The discipline of maximizing the signal-to-noise ratio in an AI agent's context window. Giving the agent the right information, at the right time, in the right format. A systematic infrastructure approach beyond prompt engineering.
+ What is the difference between AGENTS.md and CLAUDE.md?
AGENTS.md is a tool-agnostic format standardized by the Agentic AI Foundation. CLAUDE.md is specific to Claude Code, supporting advanced features like @imports and recursive referencing. Both can be used in the same project: AGENTS.md for global rules, CLAUDE.md for Claude-specific instructions.
+ When is Repomix useful, when is it unnecessary?
Repomix is useful for giving repo context to tools that can't read files (ChatGPT web, web Claude). For tools that can read files like Claude Code or Cursor, structured architecture.md + JIT semantic search is more efficient. Repomix's directory tree and hotspot analysis are useful in all cases.
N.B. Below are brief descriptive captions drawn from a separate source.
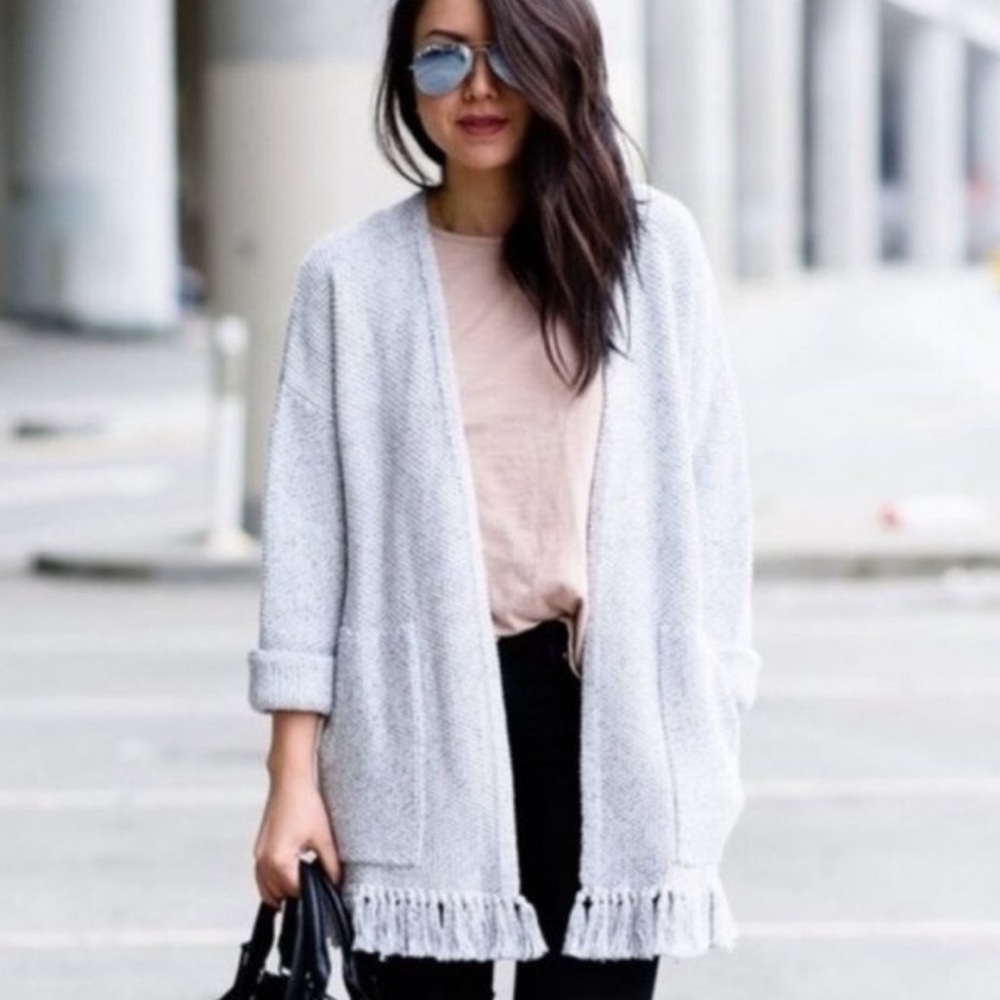 MADEWELL Marled Chunky Knit Fringe Open Front Memento Cardigan Sweater NEW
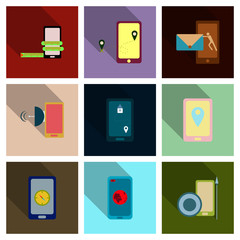 Abstract style modern and vintage mobile gadgets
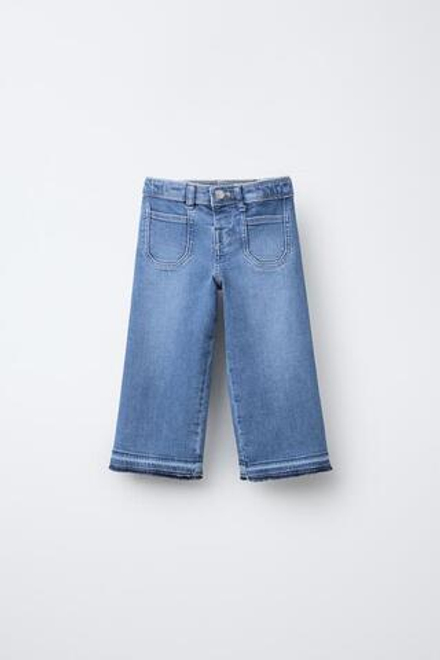 ZARA ДЖИНСЫ-КЮЛОТЫ COMFORT, ВЫЦВЕТШИЙ СИНИЙ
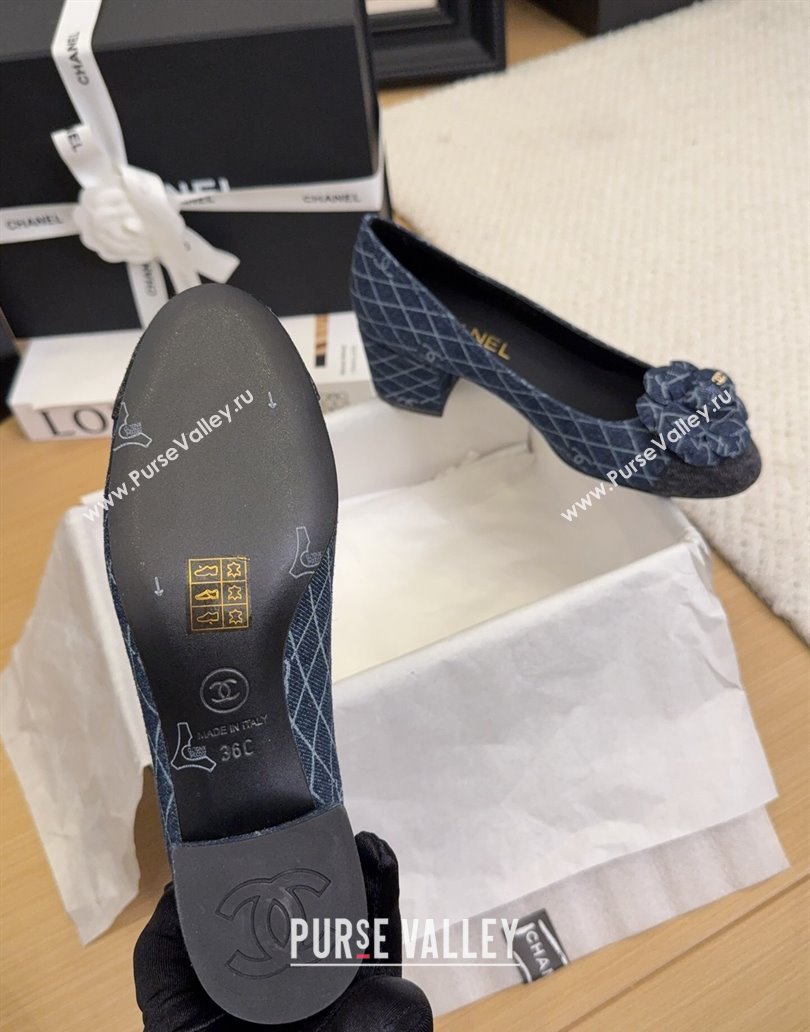 Chanel Quilted Denim Pumps with Camellia Bloom Charm Dark Blue 2025 CH101716 (MD-250415157)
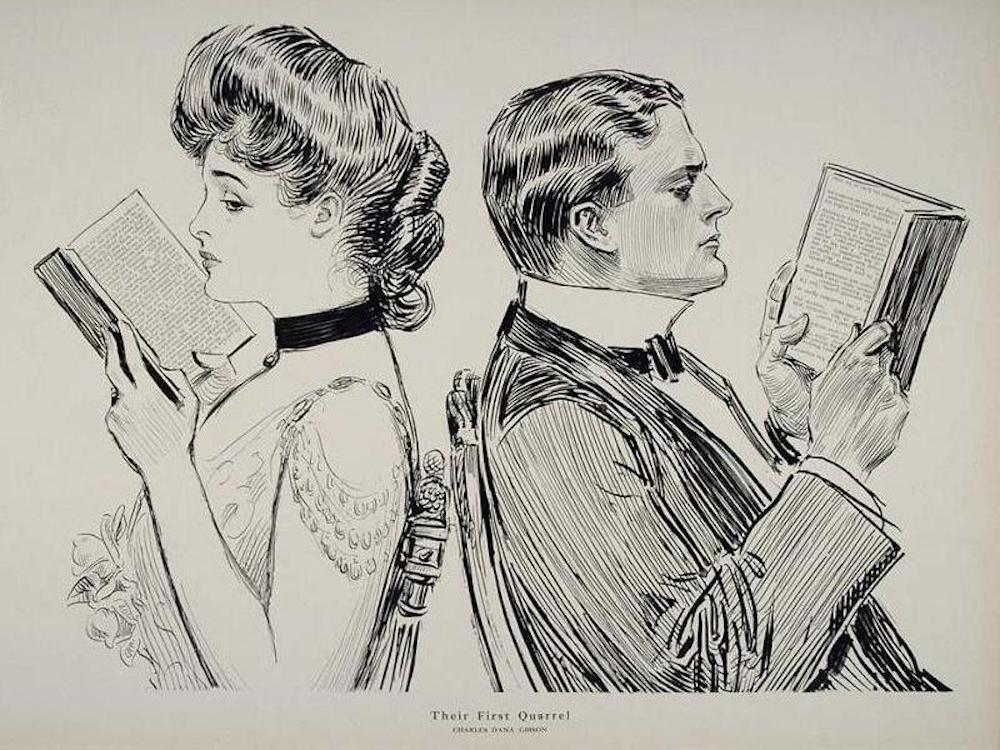 A black and white drawing of a man and a woman facing opposite directions, each reading a book. It is entitled Their First Quarrel.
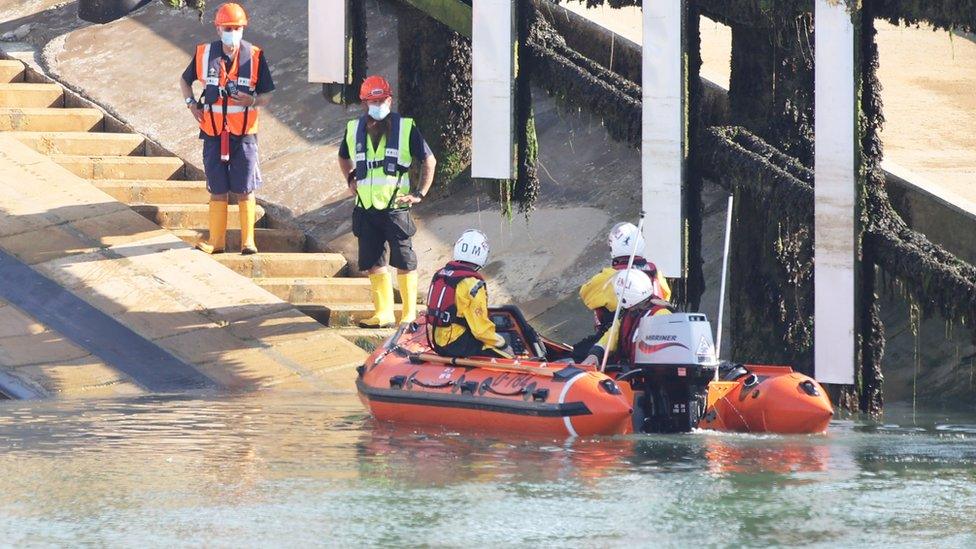 Search after empty dinghy found drifting offshore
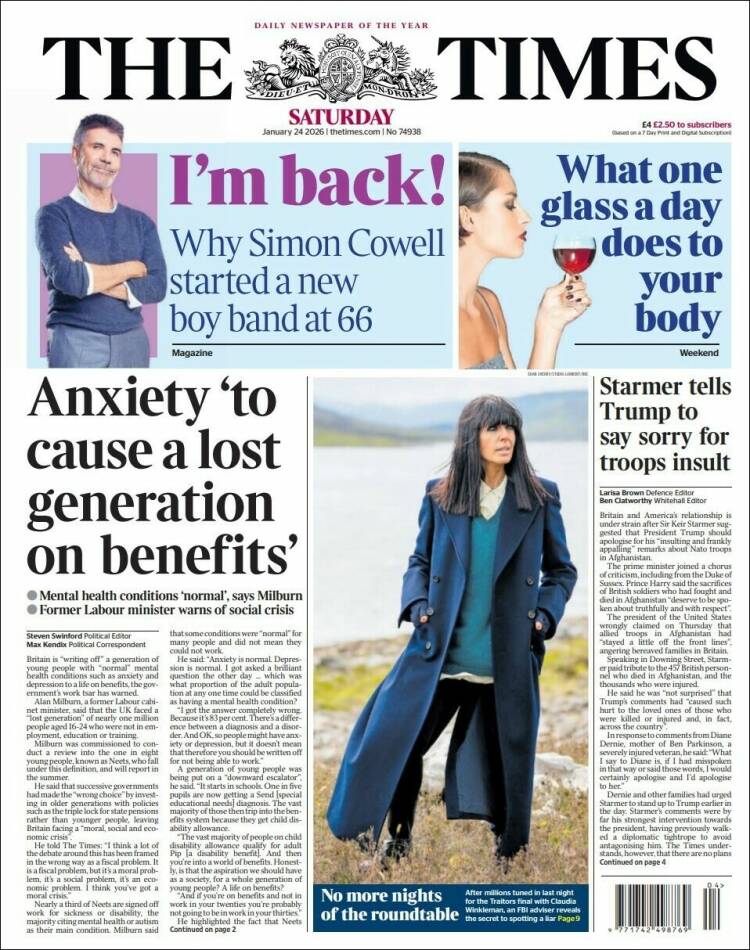 Portada de The Times (Reino Unido)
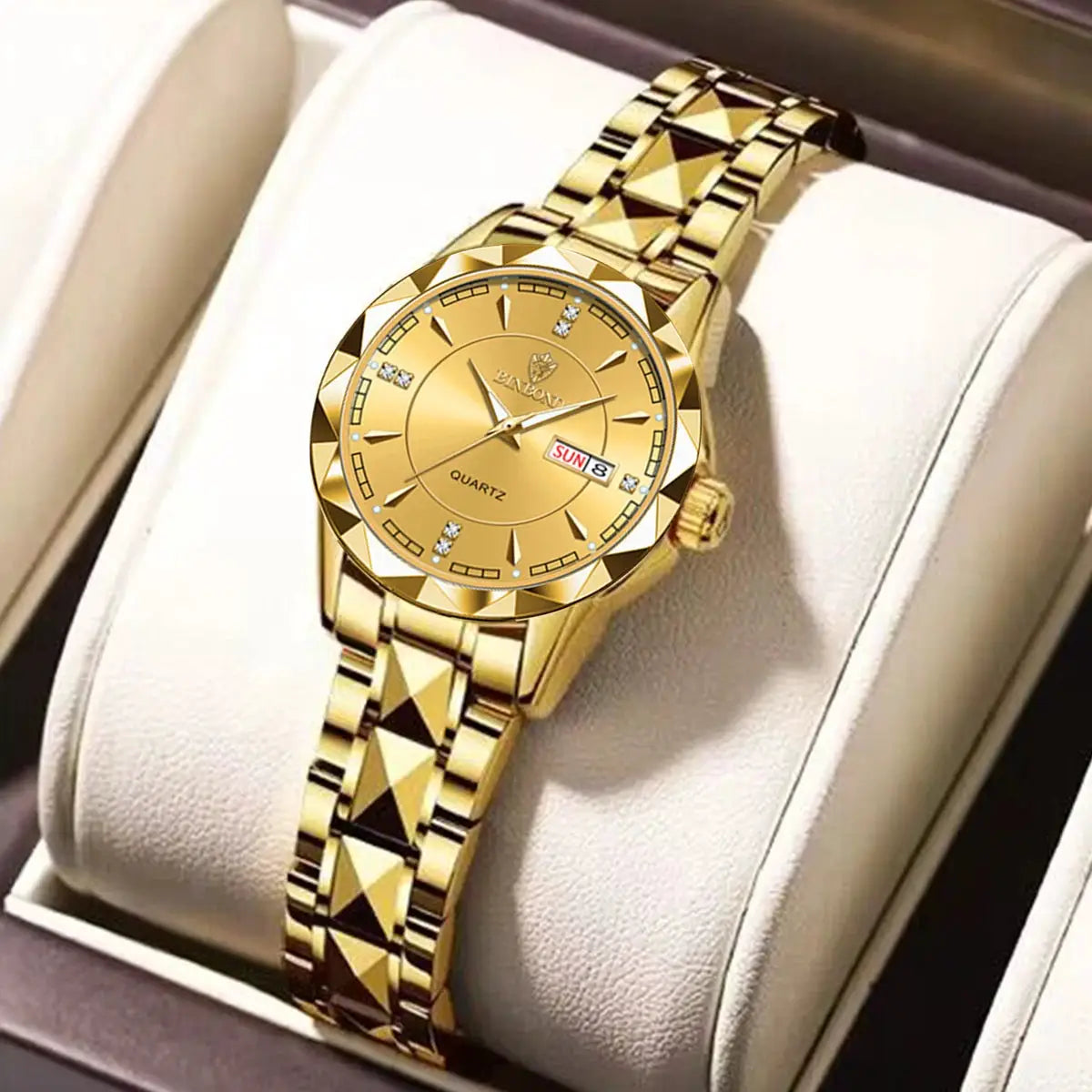 BINBONG gold-tone women's luxury quartz wristwatch with stainless steel bracelet and date window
+ Why are ADRs important for agents?
ADRs are no longer just passive decision logs but executable constraints for agents. Architectural boundaries, data handling rules, and rejected alternatives prevent the agent from repeating the same debates. The 'Kernel of Truth' workflow keeps the writing burden minimal.
+ Is there a practical output from this research?
Yes. I converted these research findings into a project-agnostic template: Living Architecture. 10 core sections, 11 optional modules, 3 depth levels. Available as open source on GitHub.